Law enforcement may use tactics such as stings or undercover operations in an effort to catch you and others in the act of breaking the law. However, when their efforts rise to the level of manufacturing crime, it may qualify as entrapment, which may serve as a valid criminal defense. 

Sometimes law enforcement’s interactions with those suspected of committed criminal offenses take place during the commission of the crime, not afterward. While the law allows for the use of tactics that present the opportunity to engage in criminal conduct to alleged criminals, entrapment occurs when law enforcement agents engage in overbearing or otherwise unacceptable behaviors in order to push people into committing crimes. For instance, this may include harassment, threats, flattery or fraud. 

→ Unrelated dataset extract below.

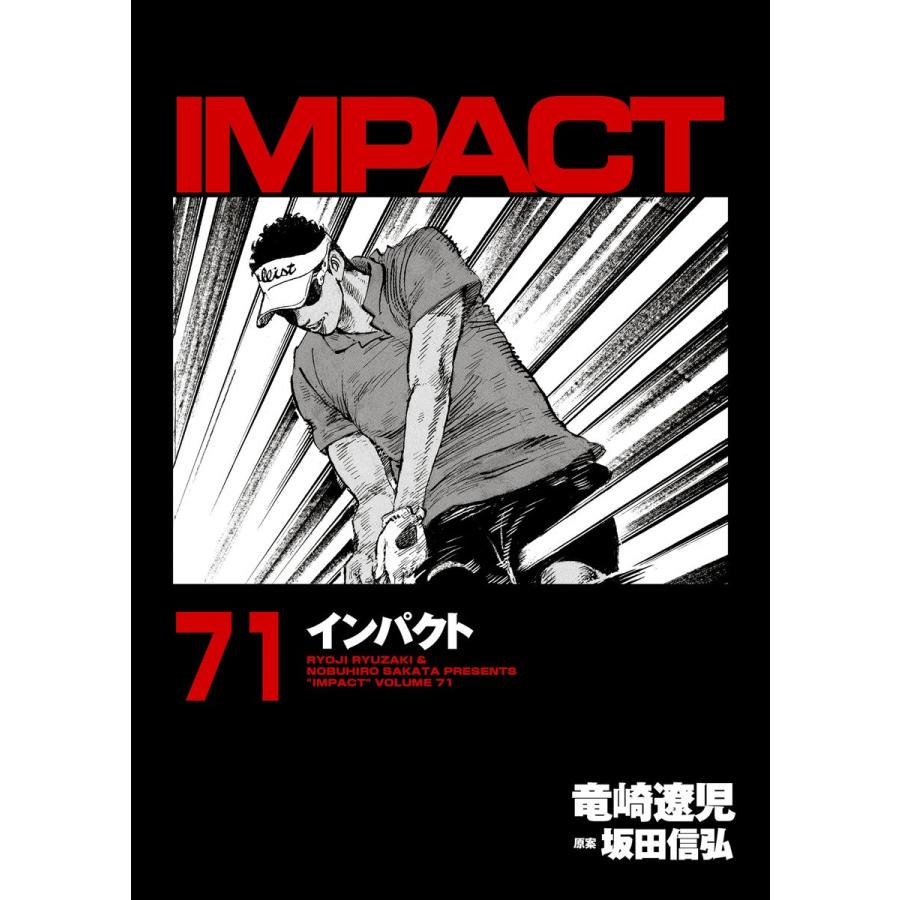 IMPACT インパクト (71) 電子書籍版 / 坂田信弘+竜崎遼児｜ebookjapan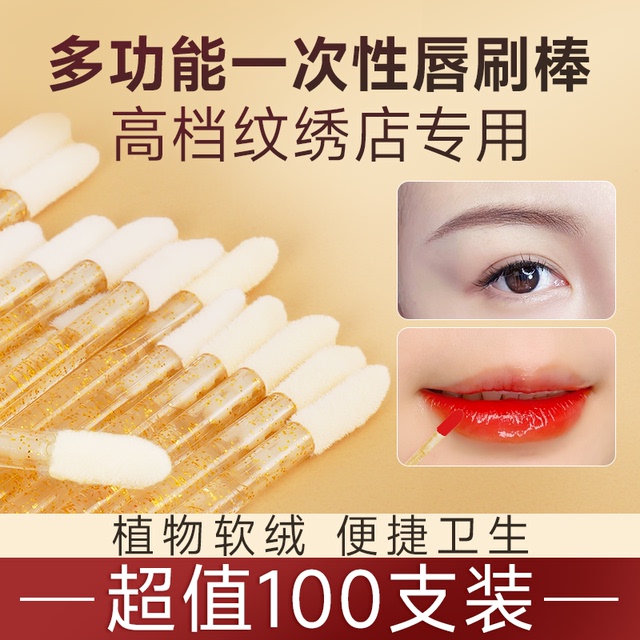 十九匠一次性唇刷棒定妆上色清洁刷便携晕染口红刷植绒唇膏唇釉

According to the U.S. Department of Justice, in order to prove an entrapment defense, you must show that law enforcement agents induced the crime. Simply having asked you to commit an alleged offense does not qualify as an inducement, though. Rather, the authorities must have at least persuaded or mildly coerced you into engaging in the criminal activity. For example, law enforcement asked you to transport and deliver illicit drugs to another person and return with payment for the package. Merely presenting this opportunity does not rise to the level of entrapment. However, if law enforcement threatened you with physical harm in making their request, their actions may provide grounds for your defense. 

In addition to showing law enforcement pushed for the commission of the crime, you must prove that you would have not engaged in the alleged criminal conduct without the push from law enforcement. To this end, you must show yourself to have been an unsuspecting innocent instead of an unsuspecting criminal who made yourself available to engage in illegal activities.